The borcsht was not red beets. It was thin watery I don't know what with cabbage swimming around. Very salty. Then there was hard dry well done meat of an uncertain origin. The rest is vague.

28/12/06 7:31 PM  
Blogger kadimiros said...

"The rest is vague."

Kind of like that blurred background behind the pear in the picture for the preceding thread. :-)

28/12/06 8:46 PM  
Blogger Diane L said...

The lack of color too, except in the cathedrals!

The only bright garments i saw were on the little children. They got dressed in reds & yellows. But the whole place was generally drab. Oh yeah, I saw more gorgeous men too . . . what makes for a handsome man, doesn't make for a pretty woman.

But the whole Red Square experience was awesome with the Red Stars, Lenin's Tomb & St Basil's. Never was so glad to leave a country in my life!!!

28/12/06 10:00 PM  
Blogger jm said...

Even more vague than behind the pear.

Never was so glad to leave a country in my life!!!

Me too neith. Highly depressing, at least in the big cities.

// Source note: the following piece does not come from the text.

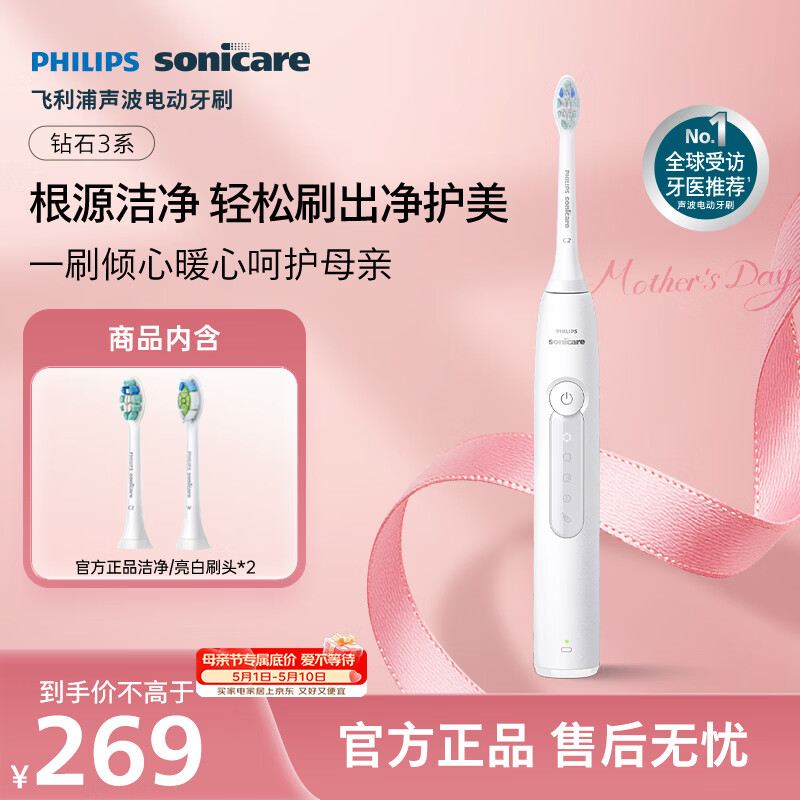 飞利浦（PHILIPS）声波电动牙刷钻石3系 5倍洁齿5种模式 刷头*2【亮白+洁净】生日礼物 母亲节礼物 HX5181/01  白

what makes for a handsome man, doesn't make for a pretty woman.

How 'bout that.

28/12/06 10:13 PM  
Blogger jm said...

It's really interesting, too, about the fundmental nature of cultures. These people are always falling in step with authoritarian rule.
The Russian aristocracy was extreme.

28/12/06 10:16 PM  
Blogger jm said...

And why would they dress their buildings in color and not their bodies?

28/12/06 10:19 PM  
Blogger kadimiros said...

Probably unsafe to stand out as an individual.

28/12/06 10:59 PM  
Blogger jm said...

Of course. Execution always looms.

The opposite of this society. It's beyond hue. There aren't even clothes to color on the American body.

28/12/06 11:06 PM  
Blogger kadimiros said...

It would be quite funny to see monochromatically gray people walking past those buildings in the photo. :-)

28/12/06 11:06 PM  
Blogger kadimiros said...

Maybe I will try that sometime -- paste in some pedestrians from a black-and-white photo on top of a color photo.

28/12/06 11:08 PM  
Blogger jm said...

Great idea.

It reminds me of a painting my friend did called The Escalator

The people on the escalator in a department store were naked as they passed the fully clothed mannequins.

28/12/06 11:27 PM  
Blogger jm said...

I love those kinds of collages. Not the jumbled kind one usually sees, but clear concise statements.

It's a fine art, very hard to do well. But when well done, they are intriguing and tickle the imagination in a unique way.

Photoshopping doen't match it.

28/12/06 11:31 PM  
Blogger kadimiros said...

The Escalator...LOL! Interesting symbolism. Somehow clothes are part of the human condition. Removable, unlike fur. So many options!

28/12/06 11:33 PM  
Blogger jm said...

Removable, unlike fur.

Ha ha! I was just looking at some pics of prehistoric men. Incredible how we've changed, speaking of clothing.

Why did we lose our fur?

Why all this complication? The clothes issue dominates man's life, so it seems. And how confused he is. The human closet. The Mighty Complication.

28/12/06 11:40 PM  
Blogger kadimiros said...

Oh, we used to paste stuff together in art school a lot. It was wonderful exercise in creative composition.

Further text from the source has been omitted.